The World Jewish Congress Calls on the US Congress to Make Holocaust Education Mandatory in American Schools

July 10, 2019 in News by RBN

The World Jewish Congress is urging US lawmakers to make studying the Holocaust mandatory in all schools, citing statistics from a 2018 poll revealing that half of millennials can’t name a single Nazi concentration camp. [They can’t name any Communist concentration camps, either, but that is of no apparent concern.] ‘The Never Again Education Act’ proposes making Holocaust education mandatory in every school in the US and would create grants for teachers to teach students about the Holocaust “and the repercussions that hate and intolerance can have on our society.” [We agree that children should be taught that hate and intolerance must be rejected in a just society, but we fear that selective focus on hate and intolerance against only Jewish victims to the exclusion of those in other ethnic groups who have suffered similar fates is likely to miss its stated goal. Without knowledge of the death camps and killing fields of the Soviets, the Red Chinese, the Khmer Rouge of Cambodia, and the torture chambers of Communist Romania and Cuba, children are likely to form a false impression that Jews are the only ones who have suffered from such inhumanity in modern times and that Nazis are the only perpetrators. This false impression also may be used to discourage criticism of the political policies of the Israeli government for fear of being labeled anti-Semitic and condemned on a par with Holocaust criminals. That outcome, in fact, may be the primary motivation behind this proposal.] -GEG

The World Jewish Congress is pushing US lawmakers to make Holocaust education mandatory in all schools, citing statistics from a 2018 poll revealing half of millennials can’t name a single Nazi concentration camp.

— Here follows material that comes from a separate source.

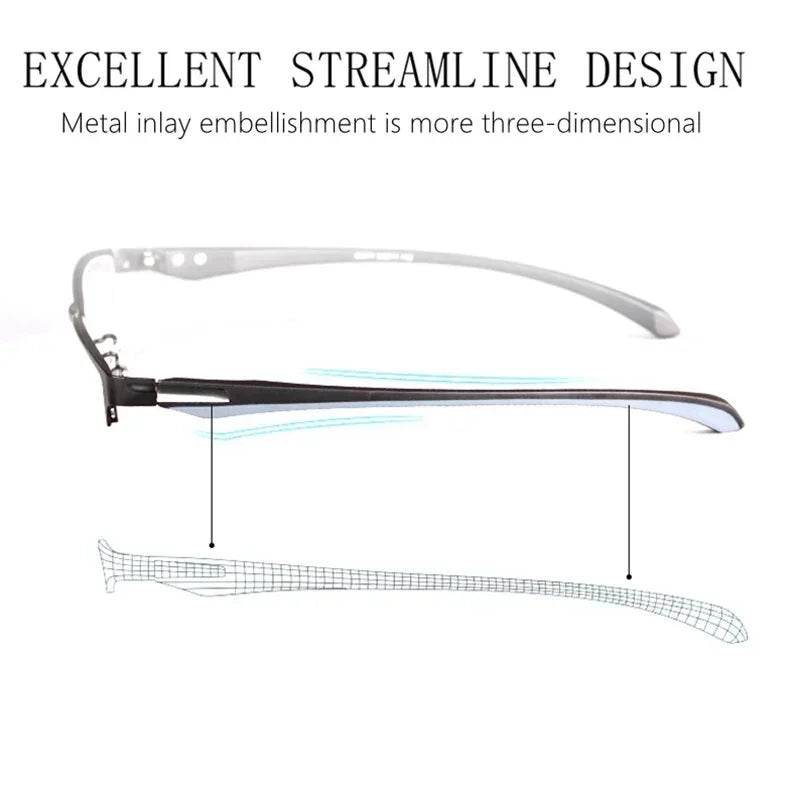 Progressive Multifocal Photochromic Reading Glasses Anti-blue Light Far Sight Glasses Men Half Frame Business Presbyopia Glasses - MarvelouStoree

The WJC started a petition calling on Congress to “make Holocaust education mandatory in every school in the United States,” that has garnered 8,500 signatures so far. The petition points to a rise in antisemitism and warns that “the horrors of the Holocaust are fading from our collective memory, especially among millennials.” 

It refers to statistics found in the 2018 Holocaust Knowledge and Awareness Study which surveyed 1,350 Americans aged 18 and over and found 49 percent of millennials and 45 percent of adults couldn’t name a concentration camp or ghetto in Europe during the Holocaust. It also revealed that 41 percent of millennials think the number of Jews killed in the Holocaust was two million or less, rather than six million.

‘The Never Again Education Act’ would create a grant program run by the Department of Education to provide teachers with training and tools to teach students about the Holocaust “and the repercussions that hate and intolerance can have on our society.”